Aurors and Unforgiveable Curses
Jim Ferer
jferer at yahoo.com
Fri Feb 11 20:23:26 UTC 2005
No: HPFGUIDX 124359
Finwitch:"And - er - there are many ways to manipulate people without
Imperio. They have Veritaserum for getting truth out unwillingly - You
can use Stunning and Mobilicorpus or banishing to get people out of
harm's way - or confundus charm if you need someone to lie..."
That's the only one I don't agree with. If an Auror can get a
prisoner to `come along quietly' with Imperio, that's clearly a more
ethical choice than many of the alternatives. The Auror ought to
report when he used it, on who, why, and what the target person was
made to do. I certainly also think that the use of Veritaserum has
ethical pitfalls at least as serious as those surrounding Imperio.
What makes Confundus better than Imperio?
Why is Avada Kedavra a less "nice" way of killing someone than any
other way?
We never saw that *any* use of an "Unforgivable," ever, is an
automatic life sentence with no excuses, although the word
"Unforgivable" itself certainly seems it's that way.
Crouch!Moody described it this way: ""Now. . . those three curses -
Avada Kedavra, Imperius, and Cruciatus - are known as the Unforgivable
Curses. The use of any one of them on a fellow human being is enough
to earn a life sentence in Azkaban."
Enough. Not automatic, invariable, use it and you're gone, but enough.

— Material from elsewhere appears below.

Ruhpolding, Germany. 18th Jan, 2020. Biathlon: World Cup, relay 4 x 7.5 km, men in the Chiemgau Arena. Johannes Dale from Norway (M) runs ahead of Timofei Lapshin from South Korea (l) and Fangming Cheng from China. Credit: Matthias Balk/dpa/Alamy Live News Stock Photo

We only have the word of a psycho, Bellatrix, that evil intent is
necessary for the casting of Unforgivables, and that only for Crucio,
in many ways the cruelest of all. Suppose Harry, instead of his
half-hearted Crucio, had been able to use Imperio to get Bellatrix to
walk back to the death room and join her fellow DE's in custody? What
was wrong with Crouch!Moody using Imperio to teach students how to
resist it? Black Magic is a matter of symbolism and intent, according
to the Laws of Magic. No evil intent, no evil.